Gráfica 2. Evolución déficit estructural – ICES + 5 puntos
Podemos concluir, entonces, que si se aprueba la reforma al Artículo 86, y en adelante las trasferencias de base presupuestal que cada año realiza el Estado a las universidades públicas se incrementan solo con el ICES, habremos desperdiciado la oportunidad histórica de garantizarle al país la educación superior pública que, más que merecerse, necesita con urgencia para salir del subdesarrollo. Por ello, hacemos un llamado para que la reforma que se apruebe en el Congreso considere, por primera vez en la historia del país, la responsabilidad que el Estado tiene de garantizar, como mínimo, los recursos para que las universidades públicas cubran sus costos y gastos de funcionamiento en relación a la educación superior, derecho fundamental que quienes concibieron la Ley 30 de 1992 nos negaron.
Nuestra juventud, el futuro de nuestro país, necesita que le garanticemos, además del acceso a una universidad, una educación superior con los más altos estándares académicos, tecnológicos y científicos. Nuestro líderes deben tomar las decisiones que permitan que la educación superior deje de ser un artículo de lujo al que unos pocos pueden acceder, y que la movilidad social que permite la educación superior se convierta en la nueva norma.

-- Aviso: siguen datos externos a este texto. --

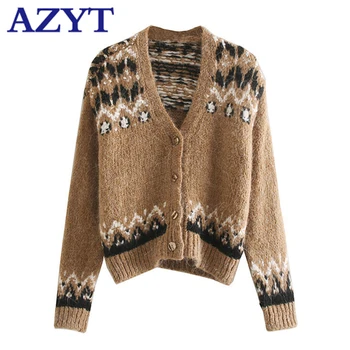 

AZYT Autumn Plush Knit Sweater Female Cardigan Jacket Fashion Print Long Sleeve Knitted Cardigan Women V Neck Casual Sweater Top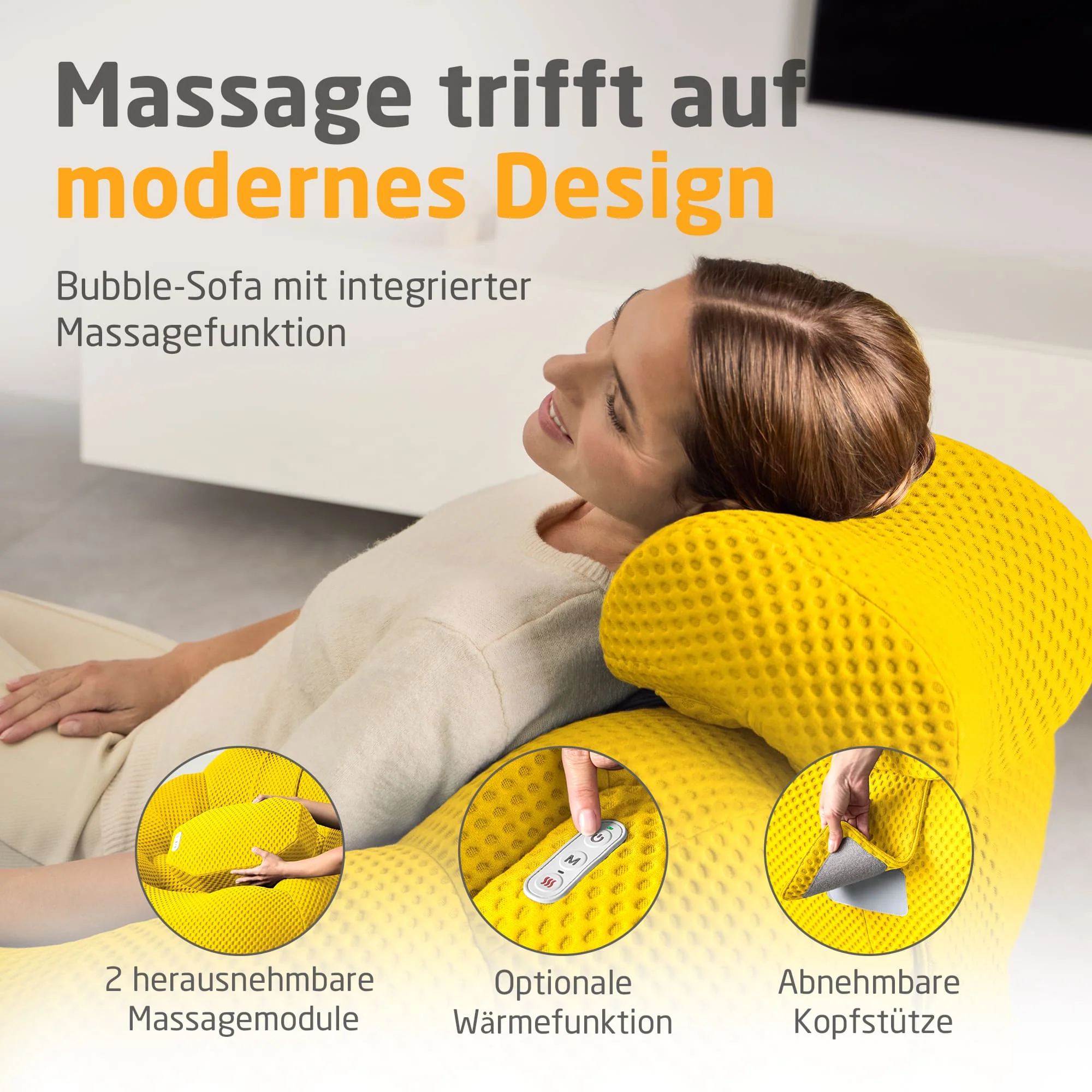 Medisana Massagesessel Bubble-Sofa RS200, sonnengelb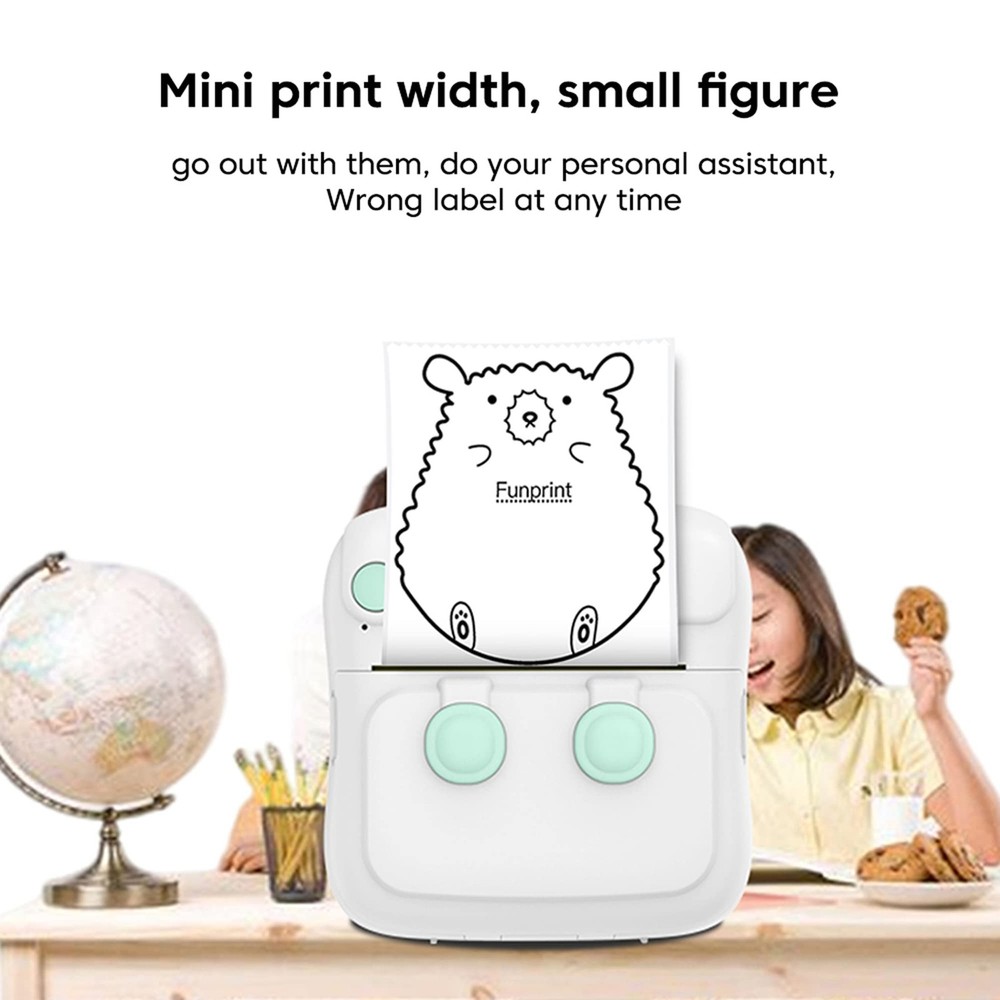 Mini Printer,Portable Bluetooth Inkless Sticker Printer with Sticker Paper an...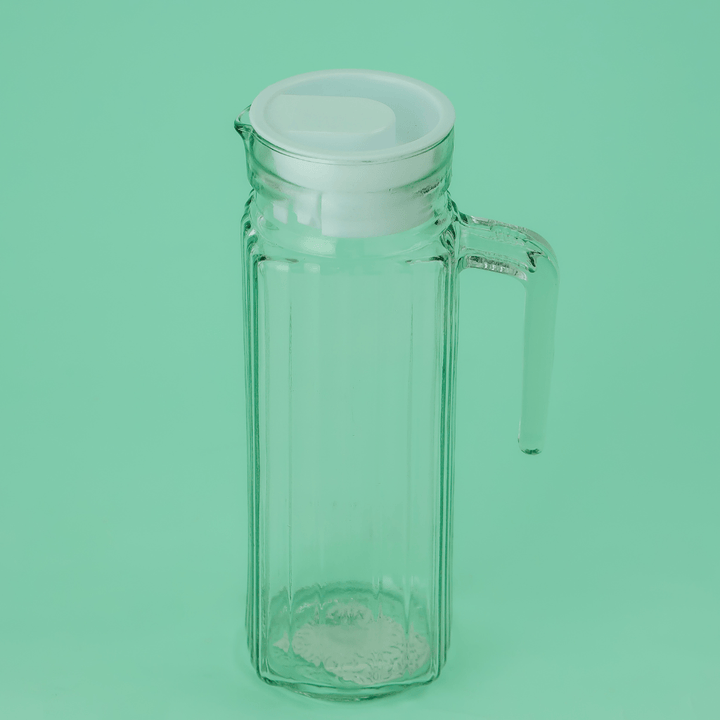 Glass Pitcher with Plastic Lid, Capacity 1000ml - Souk Al RasDrinkware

Allí está el reto, el cual implica un movimiento por la educación cuyo horizonte no se reduzca al financiamiento parcial de la educación, sino que se concentre en configurar una política de Estado, y no de gobierno, que promueva y ejecute una nueva ley de educación superior con financiamiento público completo por parte del Estado, permitiendo así una ampliación de la democracia universitaria, el cierre de brechas territoriales y la incorporación de los debates sobre las diversidades sexuales, étnicas, entre otras. Es decir, pensar la universidad como lo que es: un proyecto de transformación social.